Tuesday 18 June 2019

Where do clients get stuck? Theories of career decision making difficulties

I spend much of my working life thinking about the training of professional career practitioners.  I base the content of my sessions, books or articles on the things that I think career practitioners will find useful, but as someone who claims to be fully committed to strengthening the evidence base underpinning our work, I wonder if I need a stronger theoretical basis to help me work out what topics to cover?

One useful starting point would be to find out what career dilemmas clients face. If we have a clear understanding of the career decision making difficulties career clients bring to their careers interviews, then we can start to ensure that the practitioners are equipped with the right range of techniques to help them. 

This field is fairly under-researched (Kelly & Lee, 2002), with no real agreed definition of career decision making difficulties, and limited inclusion of the construct in career theories. The literature is also a bit confusing (ha! there's a surprise) but are a few different models I have come across.  

Broadly speaking, it seems that there are two categories of career decision making difficulties: cognitive issues and affect issues (ie what is going wrong, and how people are feeling) (Chartrand, Robbins, Morrill, & Boggs, 1990). The bulk of the literature seems to focus on the cognitive issues, and aims to find scales which practitioners can use to help work out where their clients are struggling. This all feels very positivist to me and I think that perhaps career issues are a bit too complex to narrow down in this way. But I can see that it might form a useful start to a conversation.

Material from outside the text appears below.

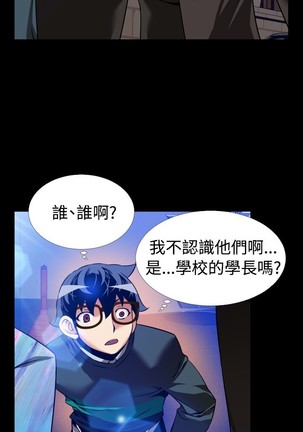 Love Parameter 恋爱辅助器 86-96 中文 Page #345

1. Career Decision Making Difficulties (Gati et al., 1996)

One of the most widely cited (cognitive) frameworks of Career Decision Making Difficulties was written by Gati et al., in 1996. (Gati's name is all over the place within the career decision making difficulties literature). Gati identified three overarching difficulties, and separated that into 10 different strands:


Most of the factors are fairly self-explanatory, but 'dsyfunctional myths' refers to an incorrect understanding of the process of either choosing or getting a job - the clients who think that you can tell them what to do, for example, or who think that making a living from writing novels is easy. 

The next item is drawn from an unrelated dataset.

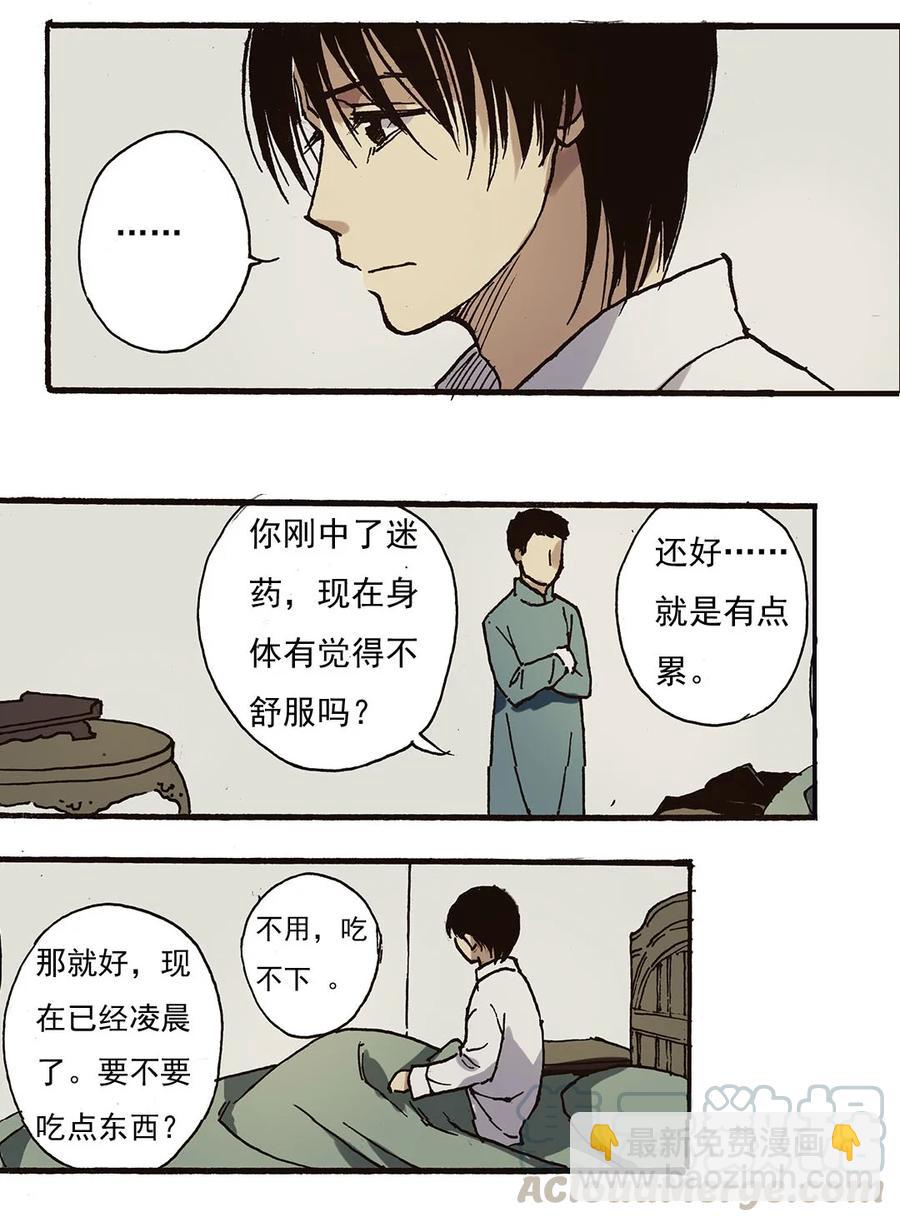 《华年》46 你还是老样子 第11页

2. Career Thought Index (Sampson et al., 1996)

Gati's framework overlaps a fair bit with another one called the Career Thought Index (Sampson et al., 1998) which is linked to the Career Information Processing theory which you may have come across before. This one is also divided into three areas:

  • Decision-making Confusion (thoughts and emotions which make it impossible to make career decisions)
  • Commitment Anxiety (an inability to commit to one choice through anxiety)
  • External conflicts (usually a conflict between what the client wants and what their loved ones want for them).

These two approaches (Gati's taxonomy and Sampson's Career Thought Index) were compared and Kleinman et al. (2004) found that they basically measured the same thing, and suggested that it didn't much matter which one people chose either for research or for practice. 

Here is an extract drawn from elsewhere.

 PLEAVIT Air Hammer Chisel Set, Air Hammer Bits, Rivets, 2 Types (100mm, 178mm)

3. Emotional and Personality Related Aspects of Career decision making difficulties (Saka, Gati & Kelly, 2008)

This framework was developed by Saka, Gati and Kelly (2008) and focuses on the person rather than the content, suggesting that the personality and emotional state of the individual has a significant impact on their career decision making process. Their framework has three overarching factors: pessimism, anxiety and self-concept and identity, made up of 11 separate aspects.


I really like that this one focuses on the individual and their subjective experience - that seems important and is an obvious gap in Gati's taxonomy. But on its own, without the more objective, cognitive aspects of Gati's taxonomy, it seems equally limited.


4. Cluster Analysis of Career Decision Making Difficulties (Kelly & Lee, 2002)

Some other academics have had a go at looking at the similarities between some of the different career decision making frameworks. Kelly and Lee (2002) looked at the Career Decision Scale, the Career Decision Difficulties Questionnaire and the Career Factors Inventory, and identified six different factors: lack of information; need for information, trait indecision, disagreement with others, identity diffusion and choice anxiety. 


There are a few interesting things to note about this framework. First that there is a distinction between lack of information and the need for information. It seems that, for some people, knowing that they have a gap in their knowledge isn't the same as wanting to find things out. The second thing is that the students in question didn't really focus on the lack of information about themselves. I wonder if this is a result of students who are not self-aware not realising that they aren't self-aware? This highlights that you might get different answers to these questions, depending on who you ask. A career counsellor might see clearly that an individual needs information and lacks self-awareness, but this view may not be consistent with the person's own analysis.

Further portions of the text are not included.